▶ _Action item_
Leave the images out. Give every line below again, precisely.

☆ ☆ ☆ ☆

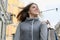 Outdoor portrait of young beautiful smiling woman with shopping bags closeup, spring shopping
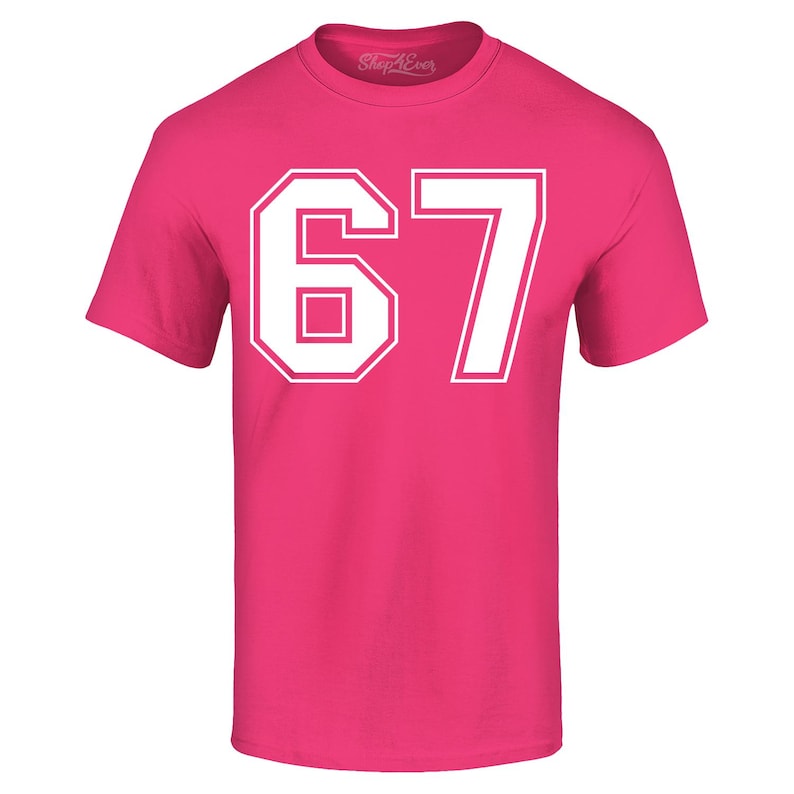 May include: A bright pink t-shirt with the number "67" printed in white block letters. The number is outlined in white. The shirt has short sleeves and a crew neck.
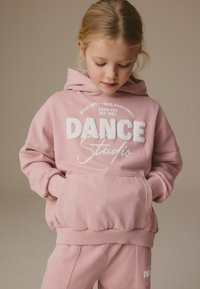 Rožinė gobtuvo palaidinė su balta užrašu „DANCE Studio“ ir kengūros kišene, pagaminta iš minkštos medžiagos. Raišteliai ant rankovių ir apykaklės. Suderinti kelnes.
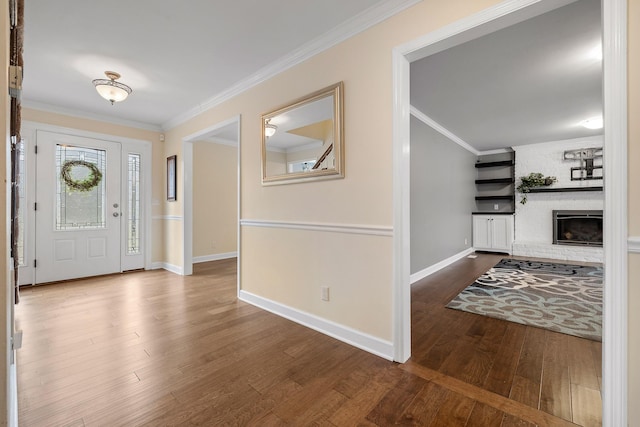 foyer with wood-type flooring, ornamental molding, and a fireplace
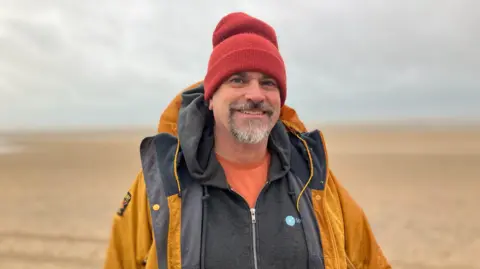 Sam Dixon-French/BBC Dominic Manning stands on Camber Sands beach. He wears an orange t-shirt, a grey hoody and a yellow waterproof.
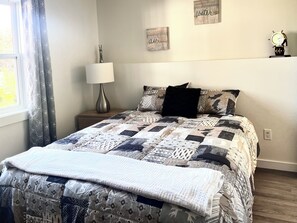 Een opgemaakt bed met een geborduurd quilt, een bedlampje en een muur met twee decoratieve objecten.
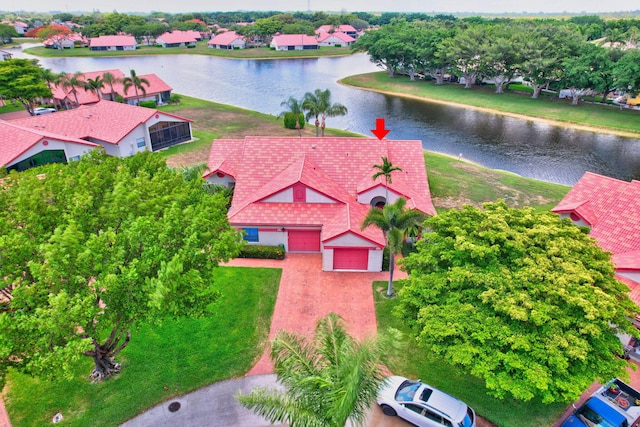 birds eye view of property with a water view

☆ ☆ ☆ ☆

▶ _Written reply_
 Outdoor portrait of young beautiful smiling woman with shopping bags closeup, spring shopping
 May include: A bright pink t-shirt with the number "67" printed in white block letters. The number is outlined in white. The shirt has short sleeves and a crew neck.
 Rožinė gobtuvo palaidinė su balta užrašu „DANCE Studio“ ir kengūros kišene, pagaminta iš minkštos medžiagos. Raišteliai ant rankovių ir apykaklės. Suderinti kelnes.
 foyer with wood-type flooring, ornamental molding, and a fireplace
 Sam Dixon-French/BBC Dominic Manning stands on Camber Sands beach. He wears an orange t-shirt, a grey hoody and a yellow waterproof.
 Een opgemaakt bed met een geborduurd quilt, een bedlampje en een muur met twee decoratieve objecten.
 birds eye view of property with a water view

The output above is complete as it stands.